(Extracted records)
- - -

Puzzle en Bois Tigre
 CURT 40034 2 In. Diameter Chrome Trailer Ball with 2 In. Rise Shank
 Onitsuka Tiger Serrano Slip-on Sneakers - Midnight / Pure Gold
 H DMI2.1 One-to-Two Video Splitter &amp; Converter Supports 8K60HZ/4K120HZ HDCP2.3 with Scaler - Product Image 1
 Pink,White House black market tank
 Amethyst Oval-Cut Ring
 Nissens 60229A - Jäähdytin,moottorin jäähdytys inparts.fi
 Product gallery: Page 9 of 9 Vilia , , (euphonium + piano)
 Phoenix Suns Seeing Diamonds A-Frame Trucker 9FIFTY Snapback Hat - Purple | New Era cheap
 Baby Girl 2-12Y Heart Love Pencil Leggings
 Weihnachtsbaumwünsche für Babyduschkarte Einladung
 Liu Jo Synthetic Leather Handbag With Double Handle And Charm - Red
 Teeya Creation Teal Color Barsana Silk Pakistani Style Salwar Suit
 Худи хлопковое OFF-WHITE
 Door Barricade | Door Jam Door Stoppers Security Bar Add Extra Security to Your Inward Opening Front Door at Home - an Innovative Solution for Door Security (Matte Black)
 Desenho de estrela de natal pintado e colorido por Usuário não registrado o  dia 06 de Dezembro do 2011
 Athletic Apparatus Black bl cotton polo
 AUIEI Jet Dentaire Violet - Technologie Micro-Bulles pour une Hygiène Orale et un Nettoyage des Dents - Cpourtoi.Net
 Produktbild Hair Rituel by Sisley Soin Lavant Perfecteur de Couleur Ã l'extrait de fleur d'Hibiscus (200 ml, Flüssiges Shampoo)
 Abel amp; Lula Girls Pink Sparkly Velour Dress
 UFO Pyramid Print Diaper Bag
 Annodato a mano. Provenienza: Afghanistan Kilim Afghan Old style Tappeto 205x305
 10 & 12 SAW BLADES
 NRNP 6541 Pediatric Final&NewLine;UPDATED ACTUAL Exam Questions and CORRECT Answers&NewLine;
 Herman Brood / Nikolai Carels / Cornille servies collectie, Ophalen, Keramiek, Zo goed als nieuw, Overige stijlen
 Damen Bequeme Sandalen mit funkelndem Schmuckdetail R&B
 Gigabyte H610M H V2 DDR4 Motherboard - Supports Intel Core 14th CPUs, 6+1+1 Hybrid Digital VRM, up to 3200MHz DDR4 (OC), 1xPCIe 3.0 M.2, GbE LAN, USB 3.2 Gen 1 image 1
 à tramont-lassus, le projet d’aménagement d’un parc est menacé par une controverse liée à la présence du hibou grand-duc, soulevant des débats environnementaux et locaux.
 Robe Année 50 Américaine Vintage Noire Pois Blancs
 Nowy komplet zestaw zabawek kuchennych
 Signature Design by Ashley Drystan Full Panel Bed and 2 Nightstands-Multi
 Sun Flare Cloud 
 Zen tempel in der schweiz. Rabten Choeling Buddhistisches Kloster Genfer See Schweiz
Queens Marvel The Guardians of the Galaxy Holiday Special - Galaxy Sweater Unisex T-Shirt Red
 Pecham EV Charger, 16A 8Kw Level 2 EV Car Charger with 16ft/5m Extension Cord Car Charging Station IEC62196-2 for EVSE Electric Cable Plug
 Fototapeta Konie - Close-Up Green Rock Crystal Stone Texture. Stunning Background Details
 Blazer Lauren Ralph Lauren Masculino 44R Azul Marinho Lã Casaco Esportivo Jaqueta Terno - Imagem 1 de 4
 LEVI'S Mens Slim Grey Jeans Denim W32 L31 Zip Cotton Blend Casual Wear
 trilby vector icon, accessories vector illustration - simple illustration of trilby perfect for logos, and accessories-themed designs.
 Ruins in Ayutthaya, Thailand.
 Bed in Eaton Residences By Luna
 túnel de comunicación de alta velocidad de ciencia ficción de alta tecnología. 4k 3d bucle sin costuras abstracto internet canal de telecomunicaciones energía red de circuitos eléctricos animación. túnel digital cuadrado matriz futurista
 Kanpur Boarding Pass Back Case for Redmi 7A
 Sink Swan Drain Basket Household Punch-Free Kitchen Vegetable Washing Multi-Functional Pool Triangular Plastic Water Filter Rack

- - -

- _EXERCISE DIRECTIONS_: Using the records above, output exactly the lines from the first through the line that contains "Athletic Apparatus Black bl cotton polo", with both of those included.

- _OUTPUT_:
Puzzle en Bois Tigre
 CURT 40034 2 In. Diameter Chrome Trailer Ball with 2 In. Rise Shank
 Onitsuka Tiger Serrano Slip-on Sneakers - Midnight / Pure Gold
 H DMI2.1 One-to-Two Video Splitter &amp; Converter Supports 8K60HZ/4K120HZ HDCP2.3 with Scaler - Product Image 1
 Pink,White House black market tank
 Amethyst Oval-Cut Ring
 Nissens 60229A - Jäähdytin,moottorin jäähdytys inparts.fi
 Product gallery: Page 9 of 9 Vilia , , (euphonium + piano)
 Phoenix Suns Seeing Diamonds A-Frame Trucker 9FIFTY Snapback Hat - Purple | New Era cheap
 Baby Girl 2-12Y Heart Love Pencil Leggings
 Weihnachtsbaumwünsche für Babyduschkarte Einladung
 Liu Jo Synthetic Leather Handbag With Double Handle And Charm - Red
 Teeya Creation Teal Color Barsana Silk Pakistani Style Salwar Suit
 Худи хлопковое OFF-WHITE
 Door Barricade | Door Jam Door Stoppers Security Bar Add Extra Security to Your Inward Opening Front Door at Home - an Innovative Solution for Door Security (Matte Black)
 Desenho de estrela de natal pintado e colorido por Usuário não registrado o  dia 06 de Dezembro do 2011
 Athletic Apparatus Black bl cotton polo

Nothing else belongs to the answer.